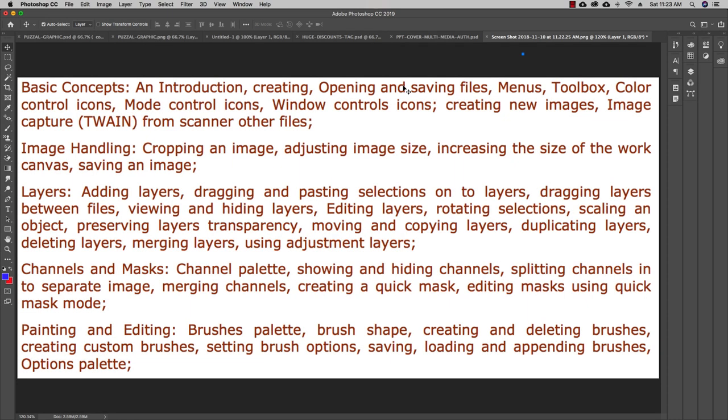Hello everyone. In this video we will be looking at the second chapter, which is about image handling. In image handling we have to cover cropping an image, adjusting image size, increasing the size of the work canvas, and saving an image. We'll cover all these things in this particular video.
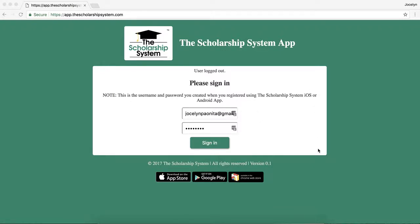From this login page, use the new login that you created with the app. If you are a course member, just remember that this system — the app, the extension, and now the web app — they all have the same login, but it is still a different system from the course. So you do have to create a new login through the app.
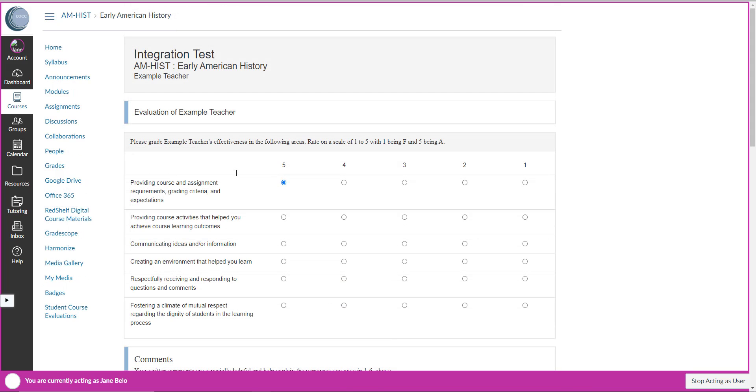So that's how students will be completing their evaluations once those evaluations are available to them in their courses. Hopefully this video was helpful in seeing how they will be doing that. Thanks for watching.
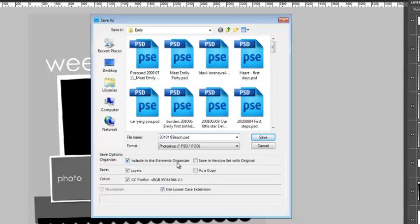So for this one, I'm going to call it 2010 for the year 2010, 11 for November, Beach. So that way I know it's a layout about going to the beach in 2010 in November.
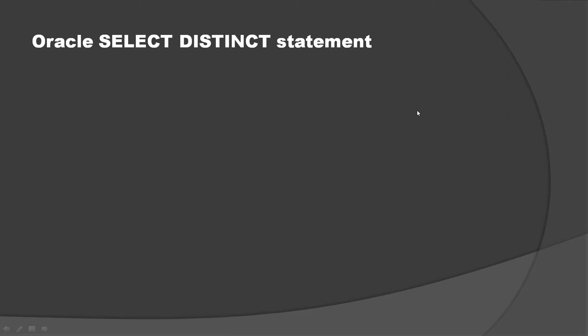Hello friends, welcome to KK Java Tutorials. In this video tutorial, I am going to talk about a very important concept of Oracle, the SELECT DISTINCT statement.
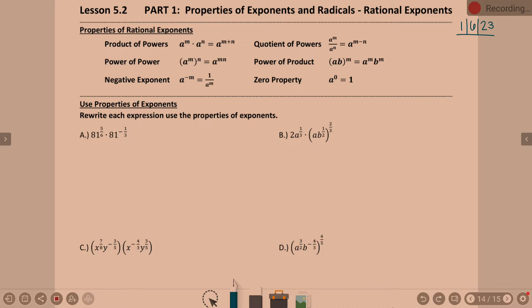When you multiply two powers, recall that if the base is the same, the shortcut is to keep the base the same and add the exponents. For the quotient — if you're dividing two powers and the base is the same — keep the base the same and subtract. Power of a power: when you're raising a power to a power, that's where you multiply. If you have a product inside, that power goes with not just the B but also with the A — the power outside goes with everything multiplied together on the inside. That doesn't apply if there's adding or subtracting inside, but it does apply if it's a product.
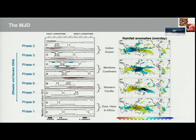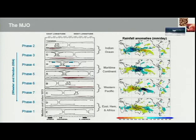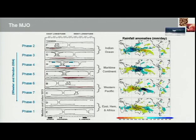The MJO was depicted using these eight panels. In 2004, Matthew Wheeler and Harry Hendon from the Bureau developed a really nice index, depicting the MJO using eight different phases of propagation — and that's how we refer to the MJO and its life cycle today. Phases two and three correspond to MJO convection over the Indian Ocean; phases four and five over the maritime continent; six and seven over the western Pacific; and eight and one over the remaining areas of the tropics before re-emerging over the Indian Ocean as it propagates eastward around the globe.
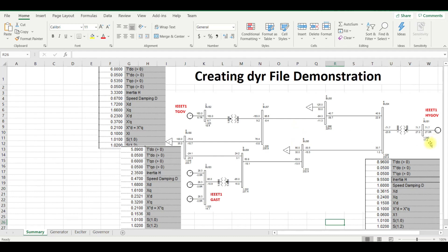This is the 9-bus system where bus 1 is a hydro governor with generator model GENSAL, exciter model IEEE D1, and governor model HYGOV (hydro governor model). Bus 2 is a thermal generator with generator model GENROU, exciter model IEEE D1, and governor model TGOV (steam turbine). Bus 3 has three gas turbines with generator model GENROU, exciter model IEEE D1, and governor model GAST. We are going to prepare the diary file for the HYGOV model first.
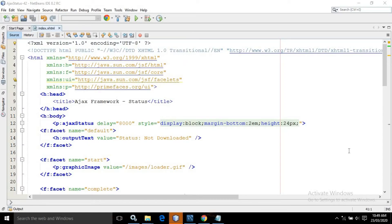Hello friends, myself Amar. In this video I will discuss about AJAX Framework Status.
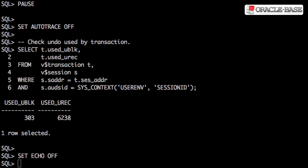Although the data for global temporary tables is stored in temp segments, which are not protected by redo, the undo associated with DML against them is stored in the undo table space, which is protected by redo. As a result, global temporary tables don't entirely eliminate the need for redo, but they do reduce it greatly. There is an Oracle 12c feature called temporary undo, which will be discussed in another video.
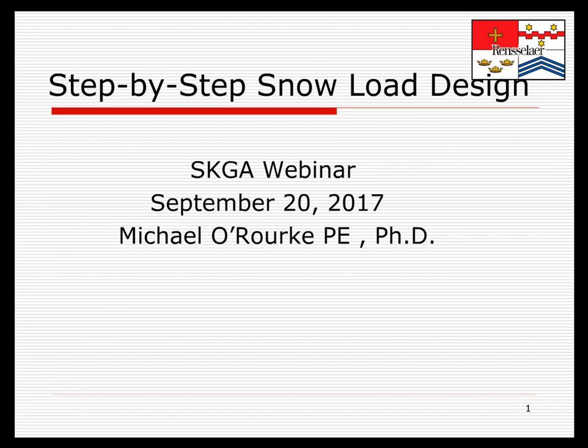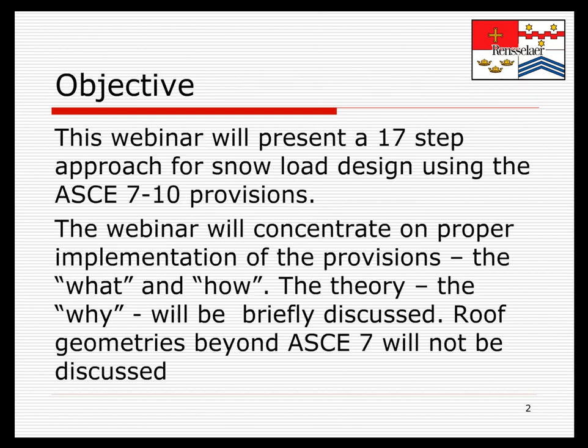Good morning or good afternoon, as the case may be. This is Mike O'Rourke, and the topic of the webinar this afternoon is step-by-step snow load design. The objective is to present a 17-step approach to snow load design using ASCE 7-10.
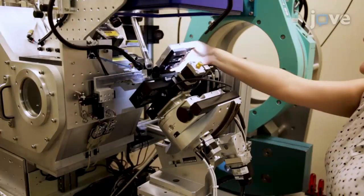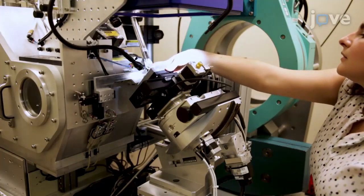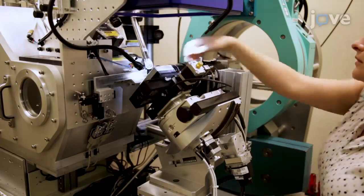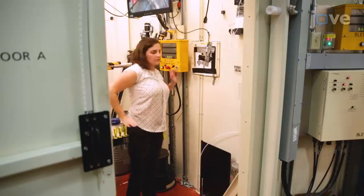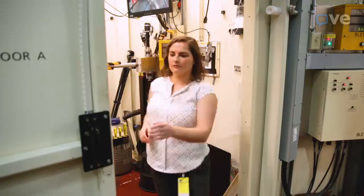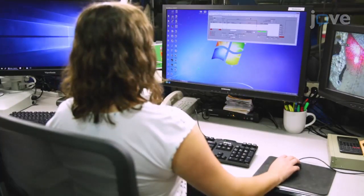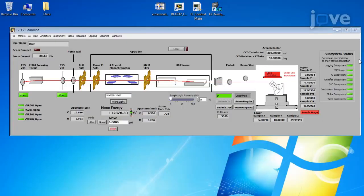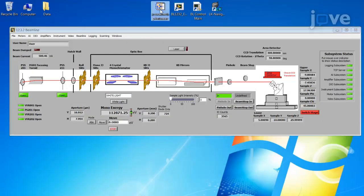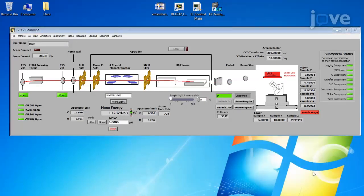Place the top half of the base on the stage in the experimental hutch and close the hutch. Open the beamline control software and initialize the program. Initialize the translation stage and slit controls. Once the beamline control program has been completely turned on, open the X-ray diffraction scan software.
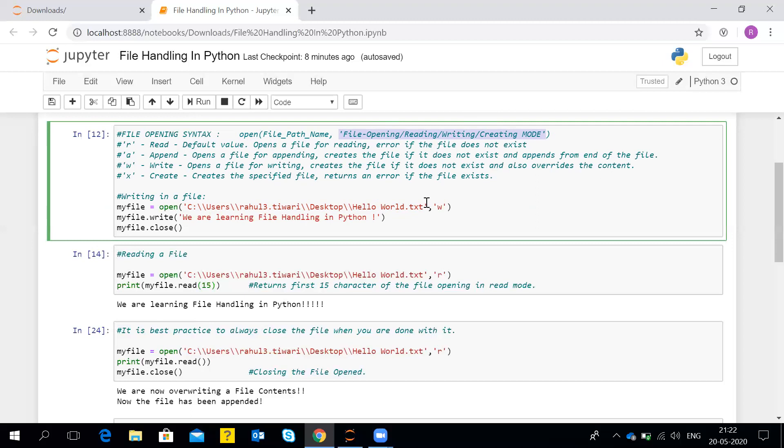The next method is append mode. Append mode means it will add whatever content you write at the end of the file. It will also create the file if it does not exist — if the file doesn't exist, a new file will be created and what you are writing will be appended from the start. Once the file gets created it will be blank, so the append will be at the starting position. Otherwise, append adds new lines of text at the end of the existing file.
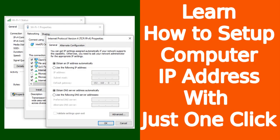Instead of doing all this, I am going to show you a quick, easy, and fastest way to set up the IP address. So watch the video till the end.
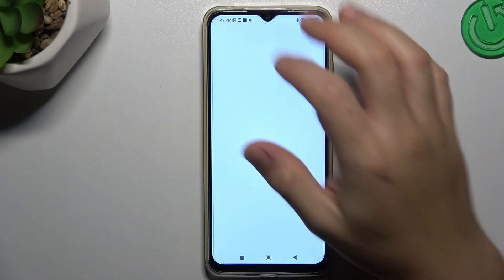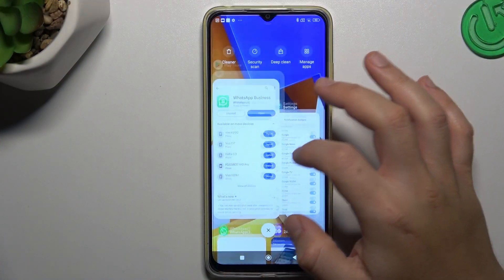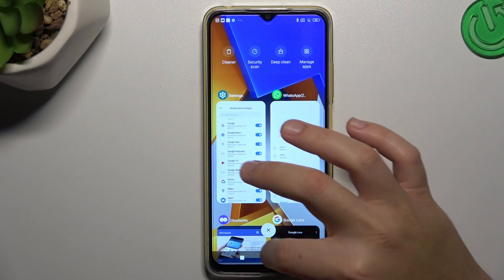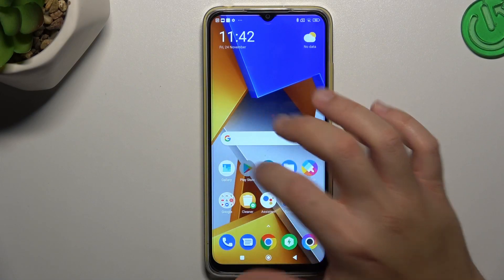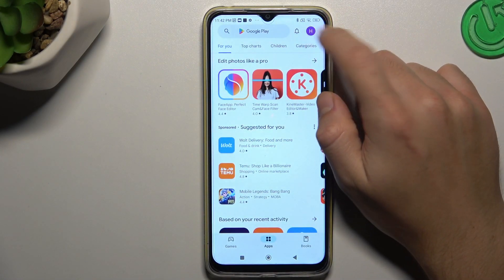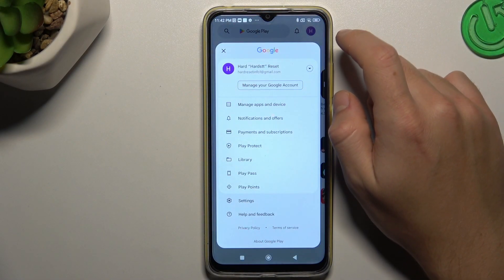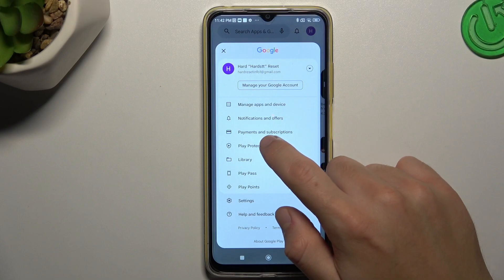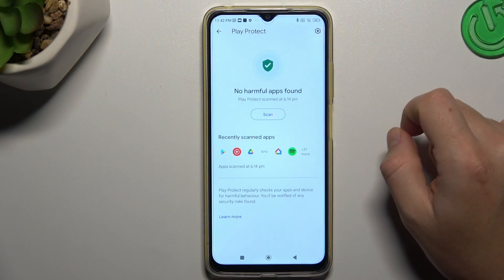In the first step, open the Play Store. Now tap on the profile icon and choose Play Protect.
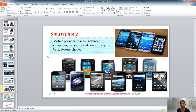Smartphones don't need an introduction because you all know what a smartphone does. From the moment you wake up with your alarm to checking Gmail, Facebook, or WhatsApp throughout the day, the smartphone is an integral and crucial part of your life.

* _What you need to do_
Copy each line of the listing exactly, skipping any picture.

* _Result of this exercise_
Hello everyone. In this video we will be looking at the second chapter, which is about image handling. In image handling we have to cover cropping an image, adjusting image size, increasing the size of the work canvas, and saving an image. We'll cover all these things in this particular video.
From this login page, use the new login that you created with the app. If you are a course member, just remember that this system — the app, the extension, and now the web app — they all have the same login, but it is still a different system from the course. So you do have to create a new login through the app.
So that's how students will be completing their evaluations once those evaluations are available to them in their courses. Hopefully this video was helpful in seeing how they will be doing that. Thanks for watching.
So for this one, I'm going to call it 2010 for the year 2010, 11 for November, Beach. So that way I know it's a layout about going to the beach in 2010 in November.
Hello friends, welcome to KK Java Tutorials. In this video tutorial, I am going to talk about a very important concept of Oracle, the SELECT DISTINCT statement.
When you multiply two powers, recall that if the base is the same, the shortcut is to keep the base the same and add the exponents. For the quotient — if you're dividing two powers and the base is the same — keep the base the same and subtract. Power of a power: when you're raising a power to a power, that's where you multiply. If you have a product inside, that power goes with not just the B but also with the A — the power outside goes with everything multiplied together on the inside. That doesn't apply if there's adding or subtracting inside, but it does apply if it's a product.
The MJO was depicted using these eight panels. In 2004, Matthew Wheeler and Harry Hendon from the Bureau developed a really nice index, depicting the MJO using eight different phases of propagation — and that's how we refer to the MJO and its life cycle today. Phases two and three correspond to MJO convection over the Indian Ocean; phases four and five over the maritime continent; six and seven over the western Pacific; and eight and one over the remaining areas of the tropics before re-emerging over the Indian Ocean as it propagates eastward around the globe.
This is the 9-bus system where bus 1 is a hydro governor with generator model GENSAL, exciter model IEEE D1, and governor model HYGOV (hydro governor model). Bus 2 is a thermal generator with generator model GENROU, exciter model IEEE D1, and governor model TGOV (steam turbine). Bus 3 has three gas turbines with generator model GENROU, exciter model IEEE D1, and governor model GAST. We are going to prepare the diary file for the HYGOV model first.
Hello friends, myself Amar. In this video I will discuss about AJAX Framework Status.
Although the data for global temporary tables is stored in temp segments, which are not protected by redo, the undo associated with DML against them is stored in the undo table space, which is protected by redo. As a result, global temporary tables don't entirely eliminate the need for redo, but they do reduce it greatly. There is an Oracle 12c feature called temporary undo, which will be discussed in another video.
Good morning or good afternoon, as the case may be. This is Mike O'Rourke, and the topic of the webinar this afternoon is step-by-step snow load design. The objective is to present a 17-step approach to snow load design using ASCE 7-10.
Place the top half of the base on the stage in the experimental hutch and close the hutch. Open the beamline control software and initialize the program. Initialize the translation stage and slit controls. Once the beamline control program has been completely turned on, open the X-ray diffraction scan software.
The next method is append mode. Append mode means it will add whatever content you write at the end of the file. It will also create the file if it does not exist — if the file doesn't exist, a new file will be created and what you are writing will be appended from the start. Once the file gets created it will be blank, so the append will be at the starting position. Otherwise, append adds new lines of text at the end of the existing file.
Instead of doing all this, I am going to show you a quick, easy, and fastest way to set up the IP address. So watch the video till the end.
In the first step, open the Play Store. Now tap on the profile icon and choose Play Protect.
Smartphones don't need an introduction because you all know what a smartphone does. From the moment you wake up with your alarm to checking Gmail, Facebook, or WhatsApp throughout the day, the smartphone is an integral and crucial part of your life.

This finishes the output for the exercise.